101(b) SOLE EXCEPTION TO SUBJECT MATTER ELIGIBILITY: A claimed invention is ineligible under subsection (a) if and only if the claimed invention as a whole, as understood by a person having ordinary skill in the art to which the claimed invention pertains, exists in nature independently of and prior to any human activity, or exists solely in the human mind.

101(c) SOLE ELIGIBILITY STANDARD: The eligibility of a claimed invention under subsections (a) and (b) shall be determined without regard as to the requirements or conditions of sections 102, 103, and 112 of this Title, the manner in which the claimed invention was made or discovered, or the claimed invention’s inventive concept.

In describing the 101(a) amendment, the IPO explains that, in the amended structure “utility [is] the sole basis of eligibility.”  The requirement that the entitlement to a patent is “subject only to the exceptions and conditions set forth in this Title” is, according to the IPO, intended “to foreclose the development of any future ‘judicial exceptions” to section 101.” and to recognize that the “only exceptions to the entitlement to a patent … are those defined in the statute.”  The IPO statement does not consider the impact of other already-existing non-statutory exceptions such as double-patenting, but presumably those will disappear unless a sufficient statutory hook is found.

Proposed 102(b) includes a very narrow exception to eligibility.  I would suggest that there is almost nothing on earth that provably “exists in nature independently of and prior to any human activity” leaving the only actual exception that the invention “exists solely in the human mind.”  On this second exception, IPO writes:

This ineligibility criterion … makes eligible any claim limitation that requires some external involvement with the physical world or any representation thereof (e.g., data in a computer). . . . [However] ideas that do not have physical or tangible aspects . . . are not patentable.

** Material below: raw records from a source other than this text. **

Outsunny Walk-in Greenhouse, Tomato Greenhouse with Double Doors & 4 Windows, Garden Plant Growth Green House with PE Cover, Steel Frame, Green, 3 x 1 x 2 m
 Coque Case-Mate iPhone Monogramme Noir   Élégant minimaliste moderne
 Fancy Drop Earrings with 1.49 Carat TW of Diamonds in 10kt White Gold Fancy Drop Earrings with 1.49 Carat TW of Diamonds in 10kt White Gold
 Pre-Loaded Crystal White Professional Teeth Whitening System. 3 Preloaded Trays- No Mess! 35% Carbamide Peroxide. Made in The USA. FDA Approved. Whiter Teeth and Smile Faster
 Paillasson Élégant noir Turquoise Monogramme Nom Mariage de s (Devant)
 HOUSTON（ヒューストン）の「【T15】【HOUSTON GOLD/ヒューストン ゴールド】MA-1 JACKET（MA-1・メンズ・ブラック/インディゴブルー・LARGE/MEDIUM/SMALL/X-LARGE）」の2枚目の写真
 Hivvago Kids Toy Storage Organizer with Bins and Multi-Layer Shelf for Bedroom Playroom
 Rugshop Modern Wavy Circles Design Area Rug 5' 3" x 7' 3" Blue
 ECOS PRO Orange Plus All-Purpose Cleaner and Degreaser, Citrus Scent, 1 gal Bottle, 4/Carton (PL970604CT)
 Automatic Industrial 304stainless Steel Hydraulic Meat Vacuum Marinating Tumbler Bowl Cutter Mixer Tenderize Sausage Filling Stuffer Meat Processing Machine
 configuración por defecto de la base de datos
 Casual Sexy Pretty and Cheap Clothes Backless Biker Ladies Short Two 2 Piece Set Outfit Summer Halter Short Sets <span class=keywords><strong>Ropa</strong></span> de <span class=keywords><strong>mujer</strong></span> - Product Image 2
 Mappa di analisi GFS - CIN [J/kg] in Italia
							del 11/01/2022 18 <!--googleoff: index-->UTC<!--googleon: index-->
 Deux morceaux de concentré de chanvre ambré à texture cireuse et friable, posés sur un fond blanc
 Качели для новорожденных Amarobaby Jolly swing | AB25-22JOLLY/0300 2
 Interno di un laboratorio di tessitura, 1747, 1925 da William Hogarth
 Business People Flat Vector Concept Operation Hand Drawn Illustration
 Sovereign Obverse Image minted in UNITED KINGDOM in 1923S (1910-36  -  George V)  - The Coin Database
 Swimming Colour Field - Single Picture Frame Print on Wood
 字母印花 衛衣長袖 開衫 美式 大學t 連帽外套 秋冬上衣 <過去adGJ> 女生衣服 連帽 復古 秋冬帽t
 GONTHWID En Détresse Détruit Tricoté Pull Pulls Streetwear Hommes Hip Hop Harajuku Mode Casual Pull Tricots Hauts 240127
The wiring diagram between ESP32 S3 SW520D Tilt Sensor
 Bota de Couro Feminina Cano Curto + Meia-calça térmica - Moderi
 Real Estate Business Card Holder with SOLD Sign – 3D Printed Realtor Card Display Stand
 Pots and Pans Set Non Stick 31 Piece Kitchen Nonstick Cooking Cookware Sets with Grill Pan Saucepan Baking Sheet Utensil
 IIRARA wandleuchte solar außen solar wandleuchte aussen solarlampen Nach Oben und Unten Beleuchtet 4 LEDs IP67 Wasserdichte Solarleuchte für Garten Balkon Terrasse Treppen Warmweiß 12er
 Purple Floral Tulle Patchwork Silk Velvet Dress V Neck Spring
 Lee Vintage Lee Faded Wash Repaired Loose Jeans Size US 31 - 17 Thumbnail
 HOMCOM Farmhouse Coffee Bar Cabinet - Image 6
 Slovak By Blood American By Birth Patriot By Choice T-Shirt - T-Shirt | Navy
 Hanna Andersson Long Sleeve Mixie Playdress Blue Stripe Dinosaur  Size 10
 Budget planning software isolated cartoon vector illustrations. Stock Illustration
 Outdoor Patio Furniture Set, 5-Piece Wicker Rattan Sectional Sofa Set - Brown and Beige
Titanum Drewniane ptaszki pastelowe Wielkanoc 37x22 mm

The IPO does not indicate whether the exception would be triggered if a single embodiment of the invention could conceivably exist solely in a human mind.  I expect that it would.

According to the IPO, 101(c) is designed to ensure that eligibility is not determined based upon the novelty, obviousness, or definiteness of a patent claim.  I would suggest that the language does not quite achieve the purpose suggested.  A more effective revision might state instead that “eligibility of a claimed invention. . . shall be determined without regard to its novelty, obviousness, or definiteness, or lack thereof.”

I compliment the IPO on taking this major step and beginning a conversation on legislative fixes to the eligibility doctrine.

I agree with the IPO members that the current situation is quite problematic both because the lines are so unclear and because they are ruling-out many inventions that should qualify in my conception.  That said, I believe that the provision likely goes too far.  I would suggest that the proposal take at least two further steps: (1) include a third exception to eligibility derived from the printed matter doctrine; and (2) include a new 102(d) that expressly defines the scope of the utility doctrine so that it becomes clear what work will be going on there.  It should be clear from the statute that ordinary works of authorship, for instance, are not patent eligible.